Our next stop – Rainbow Beach – was exciting because this was the launching point for three days and two nights on Fraser Island. It received its name from the sand, which has many colors and looks like a rainbow when the light reflects off of it. While the beach was nice enough and the sunset was gorgeous there, I didn’t witness any magical rainbow qualities in the sand.
Rainbow Beach as a town is extremely small. It is literally one street with a handful of stores and a bunch of accommodation options. Other than that, there’s nothing. Louise, Claire and I stayed at Fraser’s on Rainbow Beach, one of the main backpacker joints in the area. We’d been advised to stay the least amount of time just to get your Fraser Island tour on, then get out of dodge. Again, we hadn’t been lead astray.
|Slide Album: Rainbow Beach|
Fraser’s on Rainbow Beach was a dump. The first room they tried to give us was rank and dirty. We couldn’t tell which beds were available because it looked like the current occupants’ stuff had exploded all over the room. We headed back to reception to complain, and they gave us another option, which was still rank but at least the beds were clean. It was only for a night or two so we sucked it up and accepted our fate.
We attended a mandatory safety briefing the day before our tag-along driving trip to Fraser Island.
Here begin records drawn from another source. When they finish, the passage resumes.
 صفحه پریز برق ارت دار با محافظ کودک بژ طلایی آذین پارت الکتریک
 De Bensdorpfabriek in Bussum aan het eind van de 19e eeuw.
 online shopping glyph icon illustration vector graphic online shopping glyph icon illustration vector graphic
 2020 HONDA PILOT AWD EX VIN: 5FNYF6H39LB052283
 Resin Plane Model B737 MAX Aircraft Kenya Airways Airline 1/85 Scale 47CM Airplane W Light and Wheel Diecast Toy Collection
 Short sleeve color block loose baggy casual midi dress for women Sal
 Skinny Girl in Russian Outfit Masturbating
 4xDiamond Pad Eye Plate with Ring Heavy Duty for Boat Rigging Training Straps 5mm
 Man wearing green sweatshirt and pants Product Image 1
On the trip we’d be able to drive on the sand dunes and the beaches of Fraser Island. We wouldn’t have a tour guide, but we’d have a knowledgeable driver in the lead car who would direct us where we needed to go. Unfortunately, the entire town’s power went out before we could actually start the briefing. Apparently someone’s car hit a utility pole and took out all the power. The Fraser Island people did the best they could and had us fill out all the waivers, which informed us of the risks and responsibilities when driving on the sand and warned us of the dangers of the island dingoes. But we still had to come back early the next morning to watch the safety video.
Since we ended early, everyone headed out to buy supplies for the trip. Most people bought boxes of goon, a somewhat questionable wine-like liquor that was really cheap but tasted nasty from what I heard. I hadn’t sampled any of it and didn’t plan to as I’d heard that the ingredients included fish eggs. Who knew what else was actually in there? We picked up some real wine – riesling and chardonnay – and a six-pack of apple cider as well as some chips, chocolate and other snacks to sustain us for the next few days.
Loaded down with all of our necessities, we headed back to the room to pack for the trip. We were only allowed a small bag on the tour and would be leaving our main packs at the hostel. We would be “roughing it” for the next few days and didn’t actually need much clothes. We would be sleeping in sleeping bags three to a tent and there would be no toilets or showers at our campsite. Yes, this meant peeing and pooing in the bush with the dingoes. And I thought the long-drop toilets in the outback were disgusting. Over the next three days, we would become savages . . . or just be camping out . . . whatever you want to call it.
I came to Australia to experience new things, and this would definitely be a new experience for me. Driving on the opposite side of the road from the opposite side of the vehicle – check. Driving a 4WD truck on the open beach – check. Using the infamous bush toilet – check. Bring it on man, bring it on.